The journey begins in Nepal, as Thubron is a solitary Western traveller accompanied only by his Nepalese guide and Nepalese cook. The difficult uphill journey to the Nepalese -- Tibetan (Chinese) border occupies close to one-half the book. as Thubron passes by monasteries, simple homes and villages, and strangers on the path. Early in the book, he meets a small wandering group of passing monks about a site and asks them what it commemorates. The monks do not know. "Why would they care, who have been taught the transience of things?" Thubron asks. (p. 54) And as the monks continue on their way, Thubron wonders at them, "their lightness, their lack of need.... They have shed what others shed in dying."
Thubron's journey takes place in the Buddhist holy month of Saga Dawa, and occurs in the company of many pilgrims who have gathered to perform kora under the hostile eyes of the Chinese. At the outset of the pilgrimage, Thubron describes the beautiful, isolated Lake Mansorovar, itself a holy place, and the highest large freshwater lake in the world. The journey around Mount Kailas can be accomplished in a day and a half but sometimes takes pilgrims as long as three weeks if they prostrate extensively along the way. Thubrow describes the path, the pilgrims, the caves, byways and legends. But he describes primarily the harshness of the journey and the fortitude and commitment necessary to undertake it. The journey involves severe, endless climbs, lack of oxygen, and bitter cold. It is not a trip for the casual hiker.
Throughout the book, Thubron is moved by the religious spirit of the pilgrims to Mount Kailas who brave an arduous, sometimes fatal journey and by the teachings of Tibetan Buddhism on impermanence, change, and death. A lengthy section in the midst of Thubron's journey around the mountain describes in sharp detail the usual Tibetan burial method of sky-burial. It paints a grizzly picture. Then, towards the end of his kora, Thubron reflects upon and quotes extensively from "The Tibetan Book of the Dead", written to ease the transition period in Tibetan Buddhism between death and rebirth. The teachings of a monk named Tashi, whom Thubron had befriended in Kathamandu at the outset of his journey, come back to Thubron at the end of his kora, as they do frequently in the journey's course:
"from all that he loves, man must part." (p.203) Yet together with his focus on death and impermanence, Thubron celebrates the beauty and the danger of the mountains, lakes and rivers, strong relationships with people, and the force of erotic love. He retains throughout his trip much of his tone of western skepticism.

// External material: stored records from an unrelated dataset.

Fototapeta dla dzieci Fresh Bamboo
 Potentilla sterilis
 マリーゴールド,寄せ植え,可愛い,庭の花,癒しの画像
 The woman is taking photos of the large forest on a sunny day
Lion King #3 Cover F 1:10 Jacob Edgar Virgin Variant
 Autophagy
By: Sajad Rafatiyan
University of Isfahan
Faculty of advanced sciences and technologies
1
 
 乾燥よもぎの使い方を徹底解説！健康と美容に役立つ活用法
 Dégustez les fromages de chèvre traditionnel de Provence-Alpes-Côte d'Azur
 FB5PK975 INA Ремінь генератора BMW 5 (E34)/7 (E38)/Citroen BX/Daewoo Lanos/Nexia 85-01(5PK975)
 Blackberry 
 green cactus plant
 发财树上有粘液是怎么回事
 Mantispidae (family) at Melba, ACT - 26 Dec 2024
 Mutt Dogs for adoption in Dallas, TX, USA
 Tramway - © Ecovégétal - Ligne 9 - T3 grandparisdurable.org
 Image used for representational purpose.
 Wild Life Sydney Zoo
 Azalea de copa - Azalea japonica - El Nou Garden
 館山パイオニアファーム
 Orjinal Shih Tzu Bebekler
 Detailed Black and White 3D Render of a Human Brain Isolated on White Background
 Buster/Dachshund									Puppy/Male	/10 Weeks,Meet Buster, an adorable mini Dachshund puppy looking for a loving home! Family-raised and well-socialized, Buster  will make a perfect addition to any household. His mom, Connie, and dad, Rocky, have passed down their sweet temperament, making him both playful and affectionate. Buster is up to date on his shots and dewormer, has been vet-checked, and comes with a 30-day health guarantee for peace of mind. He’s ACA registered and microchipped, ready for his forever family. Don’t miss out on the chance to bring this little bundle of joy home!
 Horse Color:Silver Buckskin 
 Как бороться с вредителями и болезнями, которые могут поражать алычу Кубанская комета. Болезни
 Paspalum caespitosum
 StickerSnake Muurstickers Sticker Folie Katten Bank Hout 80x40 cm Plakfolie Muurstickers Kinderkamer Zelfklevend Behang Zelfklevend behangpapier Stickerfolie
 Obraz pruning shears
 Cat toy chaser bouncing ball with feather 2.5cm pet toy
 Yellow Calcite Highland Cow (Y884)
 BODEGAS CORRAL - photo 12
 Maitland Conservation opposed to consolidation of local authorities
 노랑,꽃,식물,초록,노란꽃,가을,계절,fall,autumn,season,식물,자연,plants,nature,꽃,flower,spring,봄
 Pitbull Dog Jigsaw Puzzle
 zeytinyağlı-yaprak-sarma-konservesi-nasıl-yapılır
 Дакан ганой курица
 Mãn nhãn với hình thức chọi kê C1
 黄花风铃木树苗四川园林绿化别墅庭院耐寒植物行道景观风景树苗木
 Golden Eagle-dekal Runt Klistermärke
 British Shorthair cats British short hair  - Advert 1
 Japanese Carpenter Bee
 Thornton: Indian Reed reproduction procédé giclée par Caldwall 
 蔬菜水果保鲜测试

As I read this book, I longed to see Mount Kailas and to make the journey for myself. Such a trip would be an empty dream for many reasons, including physical stamina. But then I realized that the journey and its goals do not require extensive or esoteric physical travel. Thubron's book reminded me that, secular or religious, the journey is within.
Robin Friedman
Sutton
Nov 21, 2013
Excellent
Thubron is one of the great travel writers, as opposed to mere tour guides.